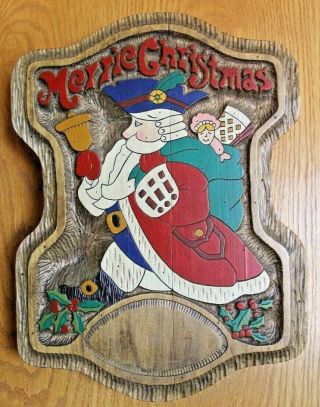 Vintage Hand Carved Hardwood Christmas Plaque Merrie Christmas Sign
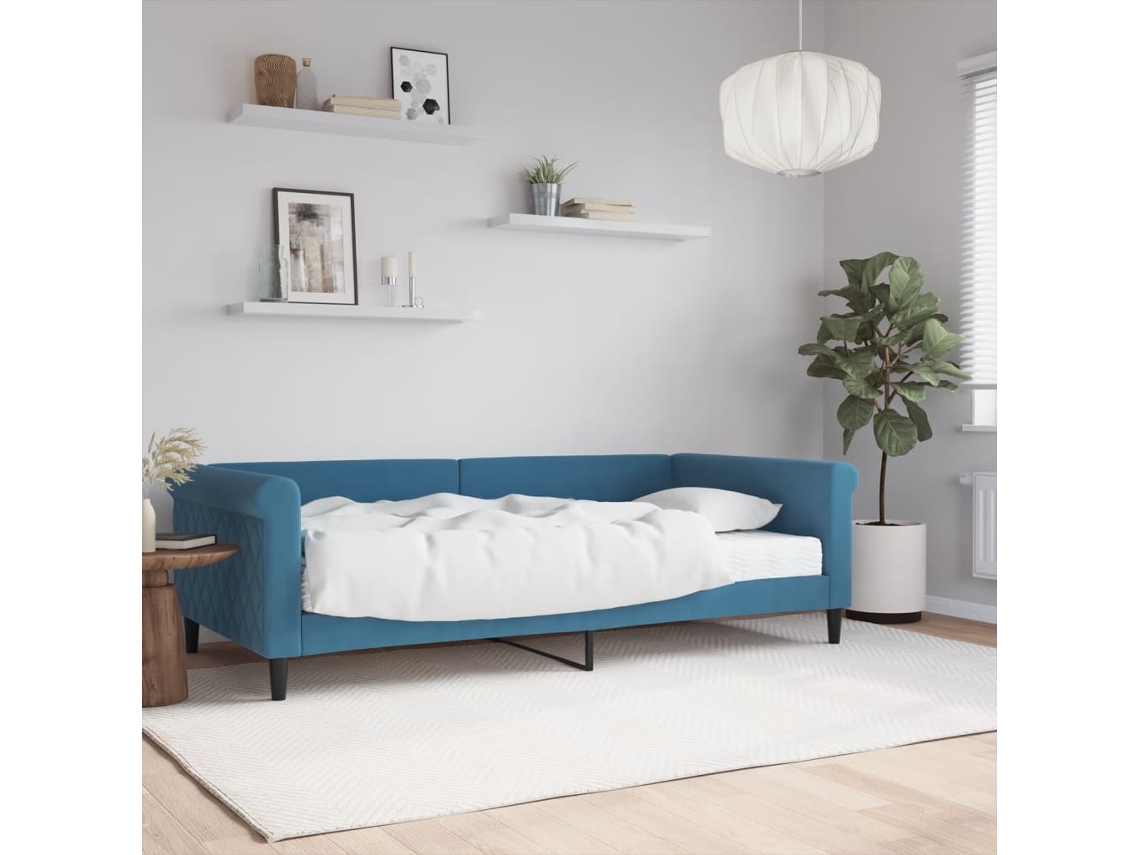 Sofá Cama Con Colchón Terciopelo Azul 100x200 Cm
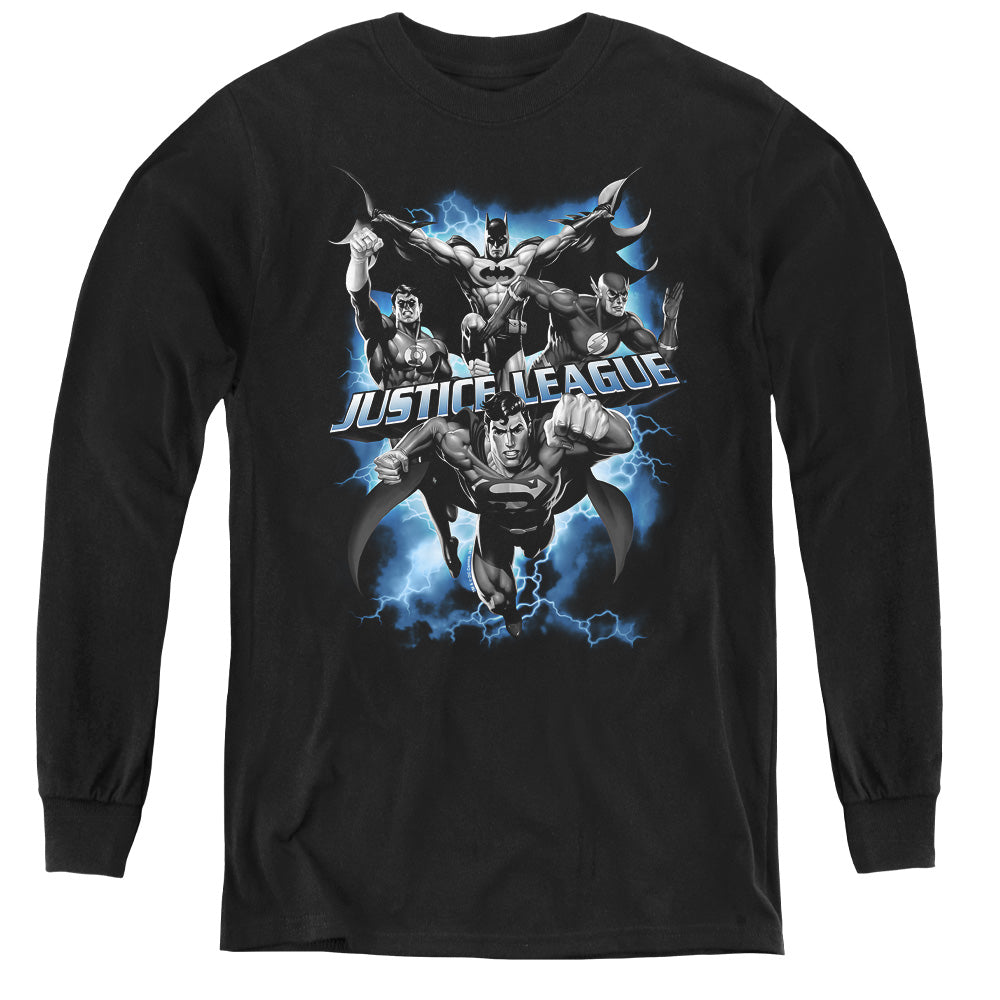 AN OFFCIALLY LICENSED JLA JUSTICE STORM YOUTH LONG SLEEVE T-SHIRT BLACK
= = = = =
→ Work order
Pictures excluded, output exactly the line that contains "Sofá Cama Con" and every line after it to the end of the data above.

→ Task answer
 Sofá Cama Con Colchón Terciopelo Azul 100x200 Cm
 AN OFFCIALLY LICENSED JLA JUSTICE STORM YOUTH LONG SLEEVE T-SHIRT BLACK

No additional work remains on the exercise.